_Activity:_ Retype all of the data exactly as given.

Records drawn from a dataset
· · ·

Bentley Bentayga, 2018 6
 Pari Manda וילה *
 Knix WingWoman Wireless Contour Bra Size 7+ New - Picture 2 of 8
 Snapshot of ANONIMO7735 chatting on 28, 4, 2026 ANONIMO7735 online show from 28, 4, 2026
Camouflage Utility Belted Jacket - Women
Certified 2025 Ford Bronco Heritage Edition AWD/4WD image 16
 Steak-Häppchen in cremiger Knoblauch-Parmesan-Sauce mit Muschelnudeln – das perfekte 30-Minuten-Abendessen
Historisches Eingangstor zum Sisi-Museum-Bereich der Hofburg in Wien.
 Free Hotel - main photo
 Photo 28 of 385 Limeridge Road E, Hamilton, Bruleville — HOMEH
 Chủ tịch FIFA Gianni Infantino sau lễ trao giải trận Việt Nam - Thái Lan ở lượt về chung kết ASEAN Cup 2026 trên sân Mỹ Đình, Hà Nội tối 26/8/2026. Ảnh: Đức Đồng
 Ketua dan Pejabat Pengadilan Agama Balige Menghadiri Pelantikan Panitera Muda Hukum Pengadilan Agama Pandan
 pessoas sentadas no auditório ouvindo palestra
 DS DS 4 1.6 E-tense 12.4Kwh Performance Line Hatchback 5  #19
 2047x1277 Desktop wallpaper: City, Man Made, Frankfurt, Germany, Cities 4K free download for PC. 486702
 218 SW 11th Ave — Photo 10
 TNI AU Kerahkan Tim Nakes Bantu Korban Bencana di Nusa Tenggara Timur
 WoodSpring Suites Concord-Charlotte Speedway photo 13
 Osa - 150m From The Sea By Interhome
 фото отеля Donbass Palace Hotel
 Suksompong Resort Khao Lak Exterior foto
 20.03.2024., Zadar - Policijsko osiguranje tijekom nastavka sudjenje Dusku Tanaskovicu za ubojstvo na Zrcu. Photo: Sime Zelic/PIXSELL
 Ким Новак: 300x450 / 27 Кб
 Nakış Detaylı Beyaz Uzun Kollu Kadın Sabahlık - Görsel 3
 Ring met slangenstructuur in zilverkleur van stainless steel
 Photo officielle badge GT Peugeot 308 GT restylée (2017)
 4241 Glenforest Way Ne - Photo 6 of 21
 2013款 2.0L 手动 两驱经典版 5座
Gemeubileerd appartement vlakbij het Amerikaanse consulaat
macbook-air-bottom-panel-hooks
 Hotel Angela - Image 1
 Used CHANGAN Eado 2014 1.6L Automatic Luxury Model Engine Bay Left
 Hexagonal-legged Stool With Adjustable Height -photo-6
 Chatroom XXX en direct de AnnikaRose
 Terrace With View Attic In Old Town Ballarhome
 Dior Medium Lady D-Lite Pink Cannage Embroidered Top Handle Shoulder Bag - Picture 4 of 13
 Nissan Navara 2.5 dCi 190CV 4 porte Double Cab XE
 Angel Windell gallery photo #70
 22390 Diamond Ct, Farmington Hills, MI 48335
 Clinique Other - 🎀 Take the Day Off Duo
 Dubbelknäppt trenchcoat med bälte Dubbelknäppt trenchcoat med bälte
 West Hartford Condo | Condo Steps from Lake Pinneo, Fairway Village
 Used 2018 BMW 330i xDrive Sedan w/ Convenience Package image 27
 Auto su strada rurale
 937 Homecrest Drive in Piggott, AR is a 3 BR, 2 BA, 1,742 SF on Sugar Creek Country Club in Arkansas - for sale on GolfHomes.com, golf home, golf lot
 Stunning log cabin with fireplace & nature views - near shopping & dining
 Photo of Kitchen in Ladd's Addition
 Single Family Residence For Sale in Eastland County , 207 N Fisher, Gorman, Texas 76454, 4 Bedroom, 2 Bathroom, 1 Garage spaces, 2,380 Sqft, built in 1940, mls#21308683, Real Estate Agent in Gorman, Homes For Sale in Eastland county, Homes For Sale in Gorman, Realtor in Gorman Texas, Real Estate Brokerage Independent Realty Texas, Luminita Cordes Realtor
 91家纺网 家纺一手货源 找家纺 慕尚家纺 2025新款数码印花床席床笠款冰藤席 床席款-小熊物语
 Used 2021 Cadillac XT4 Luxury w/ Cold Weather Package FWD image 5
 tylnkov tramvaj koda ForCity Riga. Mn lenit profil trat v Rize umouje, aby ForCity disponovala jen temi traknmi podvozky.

· · ·

_Your solution:_
Bentley Bentayga, 2018 6
 Pari Manda וילה *
 Knix WingWoman Wireless Contour Bra Size 7+ New - Picture 2 of 8
 Snapshot of ANONIMO7735 chatting on 28, 4, 2026 ANONIMO7735 online show from 28, 4, 2026
Camouflage Utility Belted Jacket - Women
Certified 2025 Ford Bronco Heritage Edition AWD/4WD image 16
 Steak-Häppchen in cremiger Knoblauch-Parmesan-Sauce mit Muschelnudeln – das perfekte 30-Minuten-Abendessen
Historisches Eingangstor zum Sisi-Museum-Bereich der Hofburg in Wien.
 Free Hotel - main photo
 Photo 28 of 385 Limeridge Road E, Hamilton, Bruleville — HOMEH
 Chủ tịch FIFA Gianni Infantino sau lễ trao giải trận Việt Nam - Thái Lan ở lượt về chung kết ASEAN Cup 2026 trên sân Mỹ Đình, Hà Nội tối 26/8/2026. Ảnh: Đức Đồng
 Ketua dan Pejabat Pengadilan Agama Balige Menghadiri Pelantikan Panitera Muda Hukum Pengadilan Agama Pandan
 pessoas sentadas no auditório ouvindo palestra
 DS DS 4 1.6 E-tense 12.4Kwh Performance Line Hatchback 5  #19
 2047x1277 Desktop wallpaper: City, Man Made, Frankfurt, Germany, Cities 4K free download for PC. 486702
 218 SW 11th Ave — Photo 10
 TNI AU Kerahkan Tim Nakes Bantu Korban Bencana di Nusa Tenggara Timur
 WoodSpring Suites Concord-Charlotte Speedway photo 13
 Osa - 150m From The Sea By Interhome
 фото отеля Donbass Palace Hotel
 Suksompong Resort Khao Lak Exterior foto
 20.03.2024., Zadar - Policijsko osiguranje tijekom nastavka sudjenje Dusku Tanaskovicu za ubojstvo na Zrcu. Photo: Sime Zelic/PIXSELL
 Ким Новак: 300x450 / 27 Кб
 Nakış Detaylı Beyaz Uzun Kollu Kadın Sabahlık - Görsel 3
 Ring met slangenstructuur in zilverkleur van stainless steel
 Photo officielle badge GT Peugeot 308 GT restylée (2017)
 4241 Glenforest Way Ne - Photo 6 of 21
 2013款 2.0L 手动 两驱经典版 5座
Gemeubileerd appartement vlakbij het Amerikaanse consulaat
macbook-air-bottom-panel-hooks
 Hotel Angela - Image 1
 Used CHANGAN Eado 2014 1.6L Automatic Luxury Model Engine Bay Left
 Hexagonal-legged Stool With Adjustable Height -photo-6
 Chatroom XXX en direct de AnnikaRose
 Terrace With View Attic In Old Town Ballarhome
 Dior Medium Lady D-Lite Pink Cannage Embroidered Top Handle Shoulder Bag - Picture 4 of 13
 Nissan Navara 2.5 dCi 190CV 4 porte Double Cab XE
 Angel Windell gallery photo #70
 22390 Diamond Ct, Farmington Hills, MI 48335
 Clinique Other - 🎀 Take the Day Off Duo
 Dubbelknäppt trenchcoat med bälte Dubbelknäppt trenchcoat med bälte
 West Hartford Condo | Condo Steps from Lake Pinneo, Fairway Village
 Used 2018 BMW 330i xDrive Sedan w/ Convenience Package image 27
 Auto su strada rurale
 937 Homecrest Drive in Piggott, AR is a 3 BR, 2 BA, 1,742 SF on Sugar Creek Country Club in Arkansas - for sale on GolfHomes.com, golf home, golf lot
 Stunning log cabin with fireplace & nature views - near shopping & dining
 Photo of Kitchen in Ladd's Addition
 Single Family Residence For Sale in Eastland County , 207 N Fisher, Gorman, Texas 76454, 4 Bedroom, 2 Bathroom, 1 Garage spaces, 2,380 Sqft, built in 1940, mls#21308683, Real Estate Agent in Gorman, Homes For Sale in Eastland county, Homes For Sale in Gorman, Realtor in Gorman Texas, Real Estate Brokerage Independent Realty Texas, Luminita Cordes Realtor
 91家纺网 家纺一手货源 找家纺 慕尚家纺 2025新款数码印花床席床笠款冰藤席 床席款-小熊物语
 Used 2021 Cadillac XT4 Luxury w/ Cold Weather Package FWD image 5
 tylnkov tramvaj koda ForCity Riga. Mn lenit profil trat v Rize umouje, aby ForCity disponovala jen temi traknmi podvozky.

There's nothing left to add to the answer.